|Robert James||Jul 8, 2014 6:22 pm|
|Patrick Wendell||Jul 9, 2014 12:45 am|
|Koert Kuipers||Jul 9, 2014 5:20 am|
|Surendranauth Hiraman||Jul 9, 2014 5:30 am|
|Robert James||Jul 9, 2014 6:47 am|
|Jerry Lam||Jul 9, 2014 7:14 am|
|Andrei||Jul 9, 2014 8:34 am|
|Sandy Ryza||Jul 9, 2014 9:05 am|
|Koert Kuipers||Jul 9, 2014 9:14 am|
|Jerry Lam||Jul 9, 2014 9:25 am|
|Sandy Ryza||Jul 9, 2014 9:28 am|
|Ron Gonzalez||Jul 9, 2014 9:37 am|
|Ron Gonzalez||Jul 9, 2014 9:40 am|
|Andrew Or||Jul 9, 2014 6:39 pm|
|Koert Kuipers||Jul 10, 2014 6:10 am|
|Subject:||Re: Purpose of spark-submit?|
|From:||Surendranauth Hiraman (sure...@velos.io)|
|Date:||Jul 9, 2014 5:30:38 am|
Are there any gaps beyond convenience and code/config separation in using spark-submit versus SparkConf/SparkContext if you are willing to set your own config?
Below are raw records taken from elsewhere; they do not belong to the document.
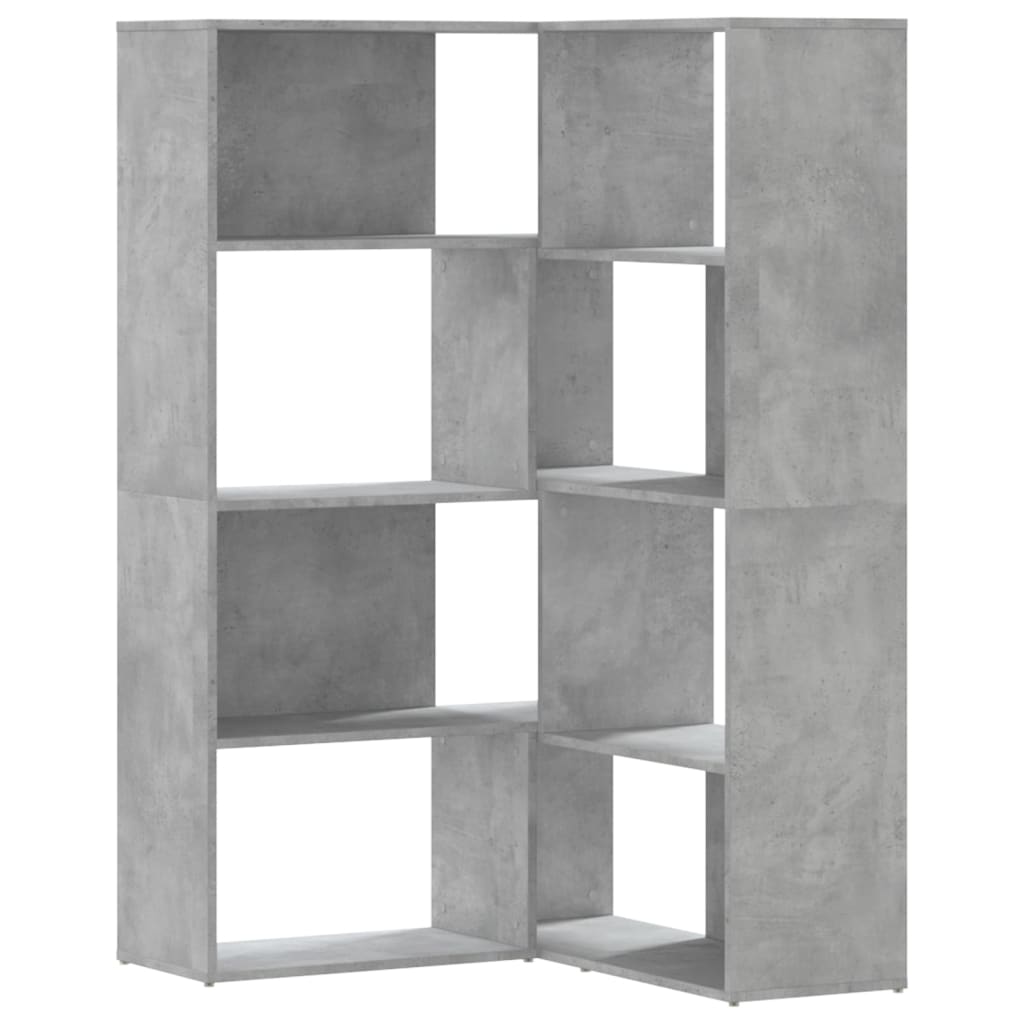 Bibliothèque d'angle à 4 niveaux gris béton bois d'ingénierie - XIOS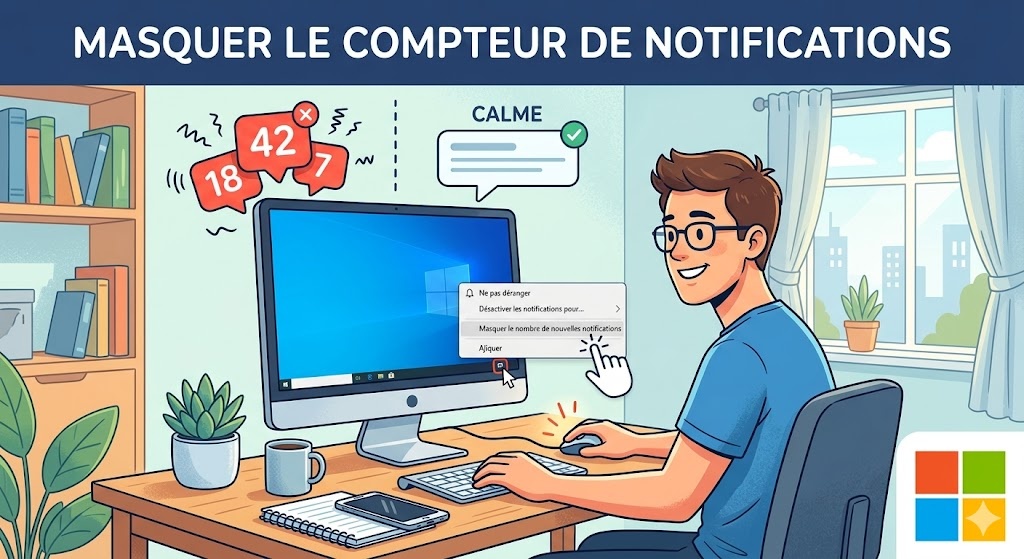 masquer le compteur de notifications sous Windows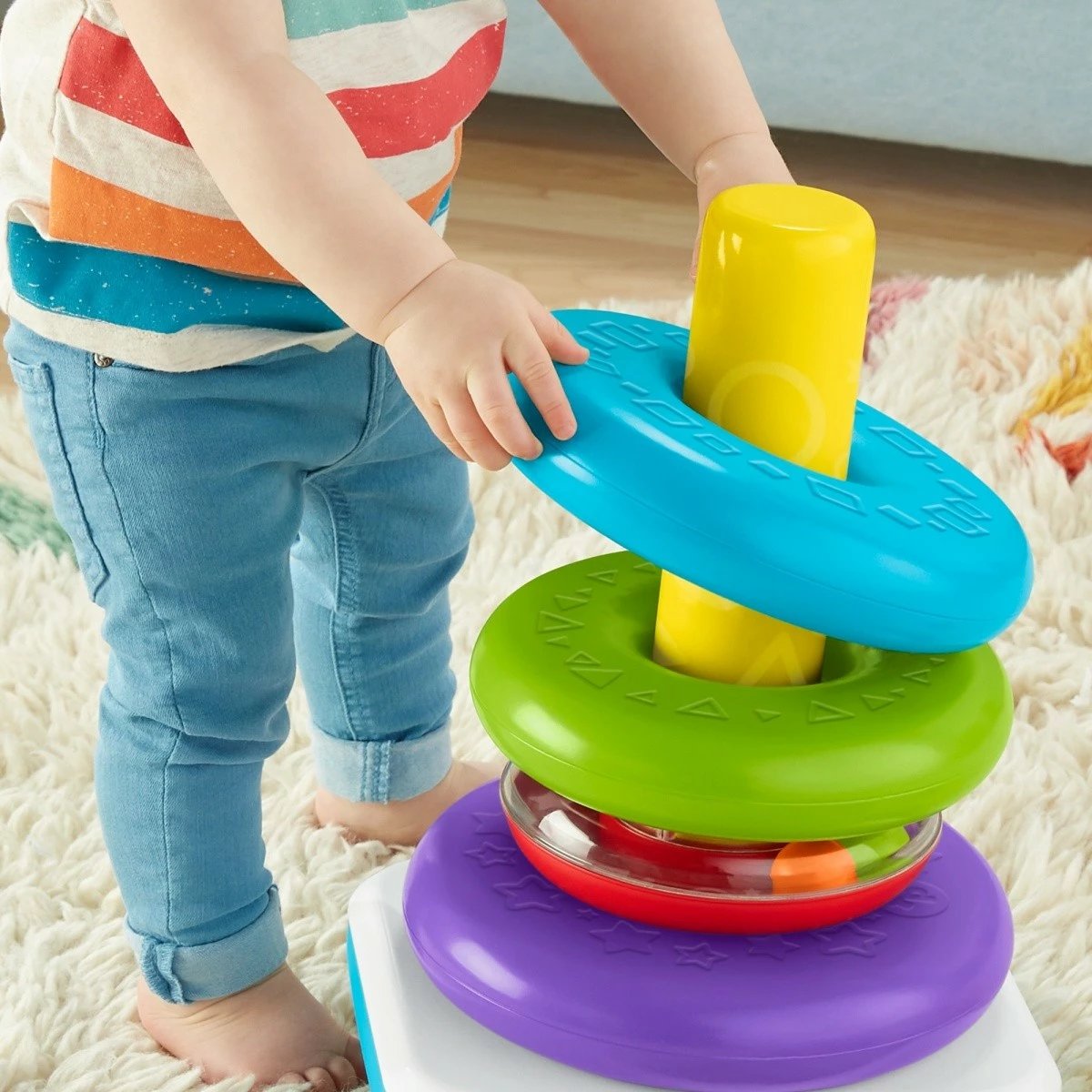 Piramidë me rrathë Fisher Price GJW15, shumëngjyrëshe, për fëmijë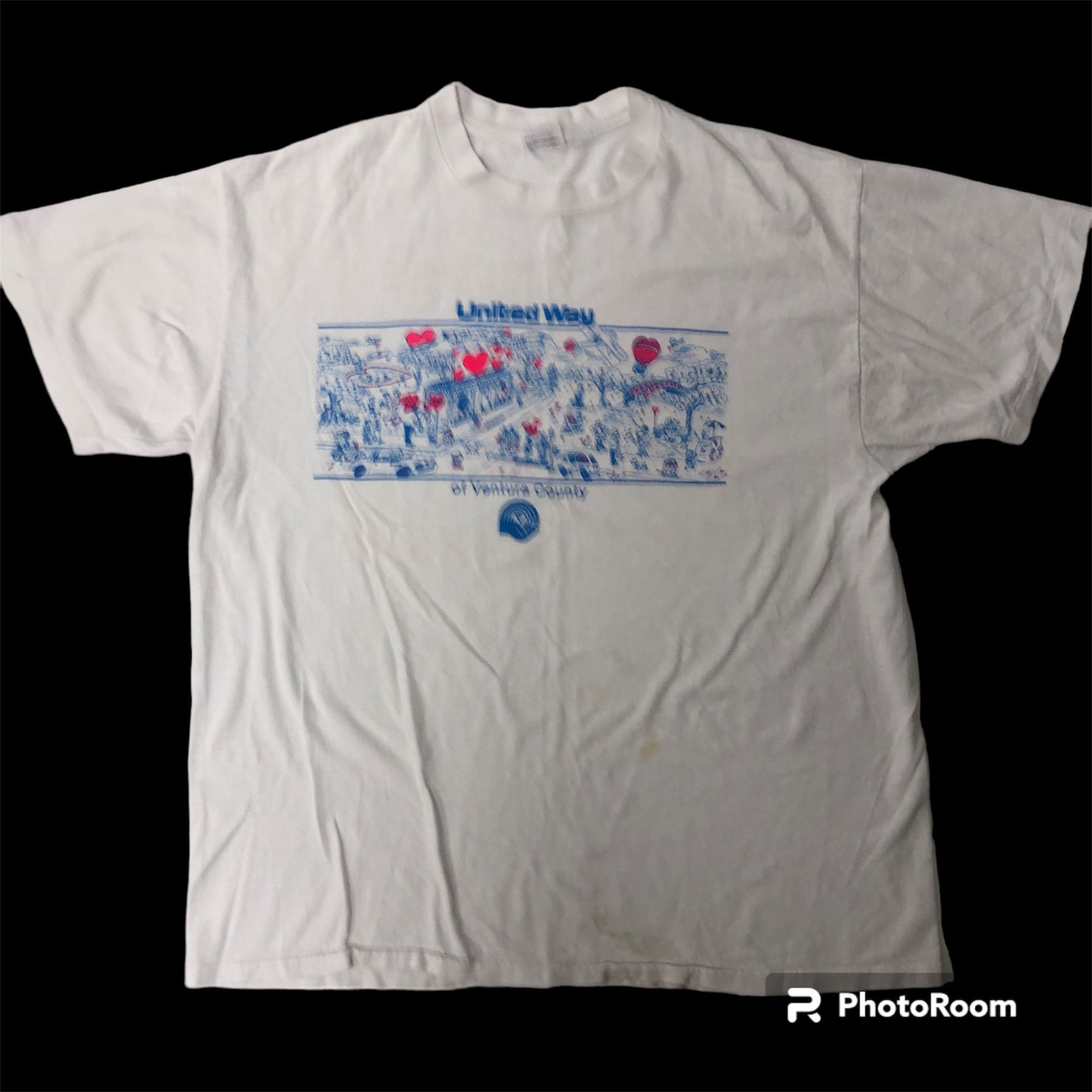 90's Stedman White Neon Pink UNITED WAY Ventura Fair T Shirt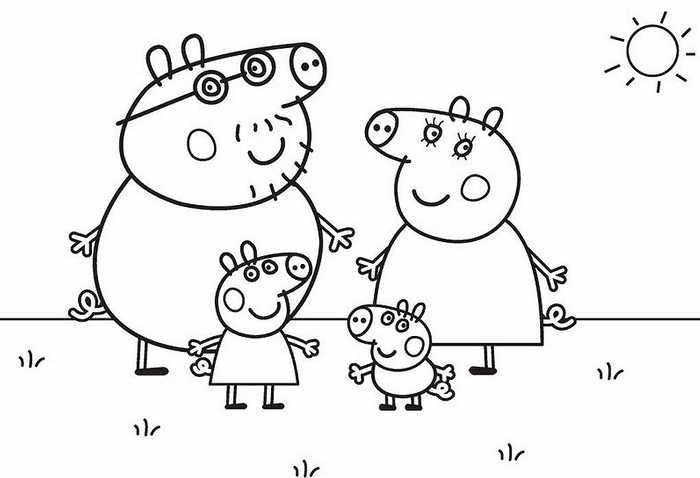 Peppa Pig Family Coloring Pages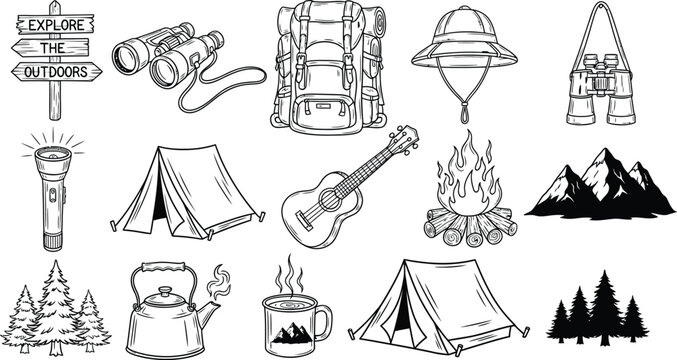 Collection of hand drawn outdoor adventure and camping elements including tents backpacks and mountains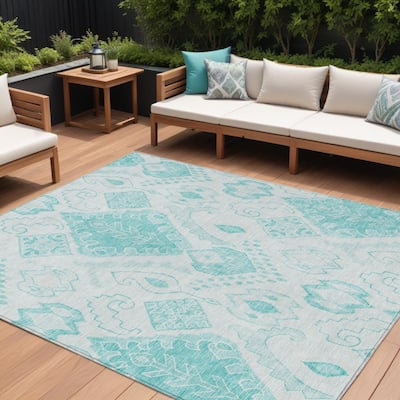 HomeRoots Moroccan Transitional Rectangle Outdoor Rug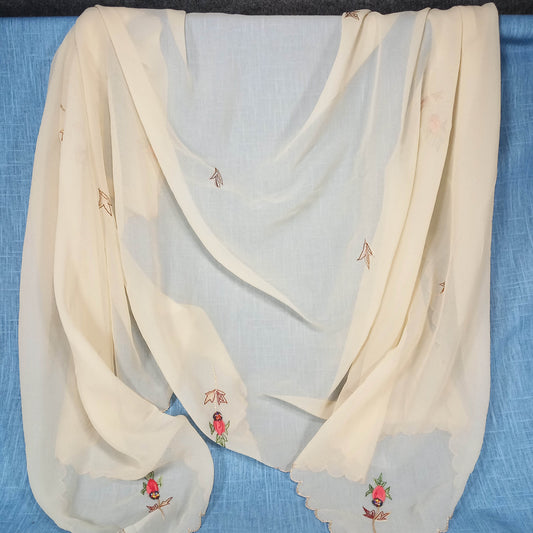 1950s Vintage Cream Chiffon Embroidered and Beaded Flower Shawl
If there are any gaps, +1 on having parity within SparkConf/SparkContext where possible. In my use case, we launch our jobs programmatically. In theory, we could shell out to spark-submit but it's not the best option for us.
So far, we are only using Standalone Cluster mode, so I'm not knowledgeable on the complexities of other modes, though.
On Wed, Jul 9, 2014 at 8:20 AM, Koert Kuipers <koe...@tresata.com> wrote:
not sure I understand why unifying how you submit app for different platforms and dynamic configuration cannot be part of SparkConf and SparkContext?
for classpath a simple script similar to "hadoop classpath" that shows what needs to be added should be sufficient.
on spark standalone I can launch a program just fine with just SparkConf and SparkContext. not on yarn, so the spark-launch script must be doing a few things extra there I am missing... which makes things more difficult because I am not sure its realistic to expect every application that needs to run something on spark to be launched using spark-submit. On Jul 9, 2014 3:45 AM, "Patrick Wendell" <pwen...@gmail.com> wrote:
It fulfills a few different functions. The main one is giving users a way to inject Spark as a runtime dependency separately from their program and make sure they get exactly the right version of Spark. So a user can bundle an application and then use spark-submit to send it to different types of clusters (or using different versions of Spark).
It also unifies the way you bundle and submit an app for Yarn, Mesos, etc... this was something that became very fragmented over time before this was added.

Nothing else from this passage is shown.